Task material:
Content starts
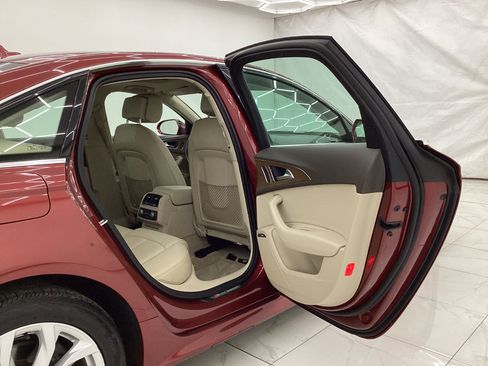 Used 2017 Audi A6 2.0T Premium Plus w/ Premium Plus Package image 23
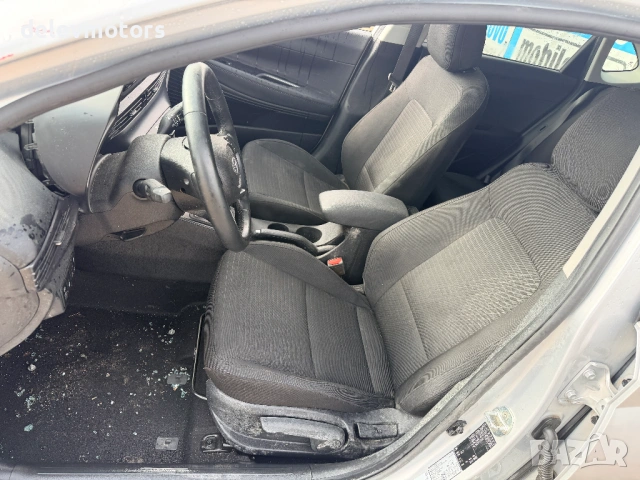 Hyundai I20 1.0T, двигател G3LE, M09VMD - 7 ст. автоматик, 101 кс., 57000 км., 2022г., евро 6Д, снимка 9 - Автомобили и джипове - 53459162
Content ends
Content starts
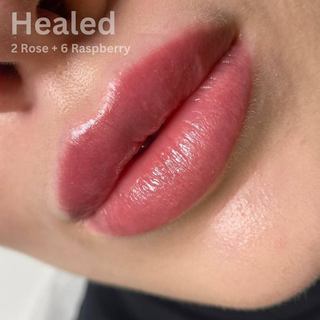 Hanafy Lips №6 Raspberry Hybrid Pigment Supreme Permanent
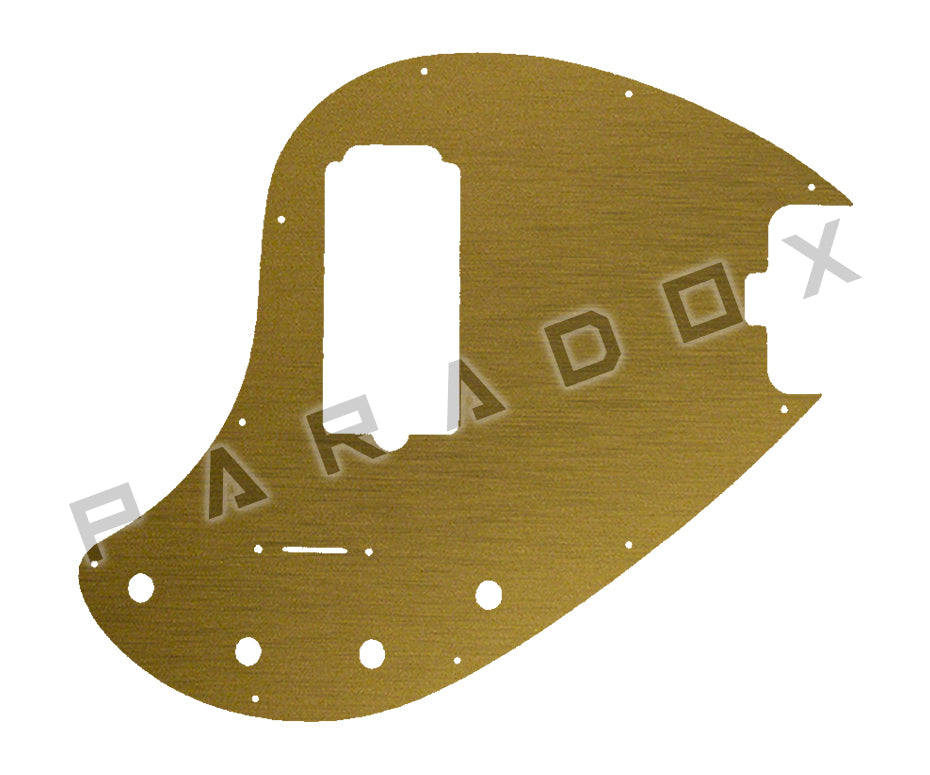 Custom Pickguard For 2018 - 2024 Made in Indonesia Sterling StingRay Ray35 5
Content ends
Work task: Only the lines above from the one containing "Used 2017 Audi" through the one containing "Hyundai I20 1.0T, двигател" should be returned, verbatim and inclusive, with pictures excluded.

The completed task:
 Used 2017 Audi A6 2.0T Premium Plus w/ Premium Plus Package image 23
 Hyundai I20 1.0T, двигател G3LE, M09VMD - 7 ст. автоматик, 101 кс., 57000 км., 2022г., евро 6Д, снимка 9 - Автомобили и джипове - 53459162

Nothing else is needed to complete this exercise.